• **EXERCISE OBJECTIVE**:
Some lines in the records below may hold the word "Board"; give the number of those lines and nothing else.

• **MATERIAL PROVIDED**:
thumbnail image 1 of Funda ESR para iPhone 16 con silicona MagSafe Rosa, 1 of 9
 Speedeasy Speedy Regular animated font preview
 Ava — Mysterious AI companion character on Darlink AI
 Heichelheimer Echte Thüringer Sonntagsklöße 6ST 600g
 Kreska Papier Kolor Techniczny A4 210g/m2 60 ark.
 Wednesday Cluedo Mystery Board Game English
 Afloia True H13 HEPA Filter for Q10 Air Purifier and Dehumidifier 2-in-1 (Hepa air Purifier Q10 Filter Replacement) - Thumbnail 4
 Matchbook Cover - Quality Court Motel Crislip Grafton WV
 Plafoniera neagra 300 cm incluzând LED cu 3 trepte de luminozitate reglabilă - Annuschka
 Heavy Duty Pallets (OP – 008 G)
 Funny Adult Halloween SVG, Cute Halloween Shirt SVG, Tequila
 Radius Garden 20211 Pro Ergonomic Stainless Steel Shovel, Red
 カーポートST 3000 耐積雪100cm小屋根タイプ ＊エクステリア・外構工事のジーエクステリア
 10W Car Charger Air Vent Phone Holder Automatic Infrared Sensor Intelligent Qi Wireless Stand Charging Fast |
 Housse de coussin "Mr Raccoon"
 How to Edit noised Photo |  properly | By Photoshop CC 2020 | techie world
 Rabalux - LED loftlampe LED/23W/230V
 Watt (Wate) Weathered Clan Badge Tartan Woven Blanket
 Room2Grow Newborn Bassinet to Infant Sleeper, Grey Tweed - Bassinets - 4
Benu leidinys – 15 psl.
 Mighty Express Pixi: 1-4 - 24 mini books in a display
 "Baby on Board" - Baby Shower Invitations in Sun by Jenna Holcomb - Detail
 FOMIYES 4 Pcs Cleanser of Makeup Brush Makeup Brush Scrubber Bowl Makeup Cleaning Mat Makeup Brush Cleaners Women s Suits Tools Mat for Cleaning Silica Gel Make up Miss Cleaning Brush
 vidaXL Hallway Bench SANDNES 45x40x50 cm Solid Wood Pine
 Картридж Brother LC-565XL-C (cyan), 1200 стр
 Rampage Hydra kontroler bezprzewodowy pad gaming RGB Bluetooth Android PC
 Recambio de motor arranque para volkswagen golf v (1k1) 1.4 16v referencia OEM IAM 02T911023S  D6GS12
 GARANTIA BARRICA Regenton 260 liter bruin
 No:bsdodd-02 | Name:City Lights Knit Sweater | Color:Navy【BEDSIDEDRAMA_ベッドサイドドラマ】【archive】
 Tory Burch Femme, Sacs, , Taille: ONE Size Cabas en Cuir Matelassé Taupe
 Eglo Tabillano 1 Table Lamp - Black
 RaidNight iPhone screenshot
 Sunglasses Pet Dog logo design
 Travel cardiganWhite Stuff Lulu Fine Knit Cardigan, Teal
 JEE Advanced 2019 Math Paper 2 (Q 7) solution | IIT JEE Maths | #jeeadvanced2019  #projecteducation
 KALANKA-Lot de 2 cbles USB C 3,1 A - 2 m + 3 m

• **RESPONSE BOX**:
2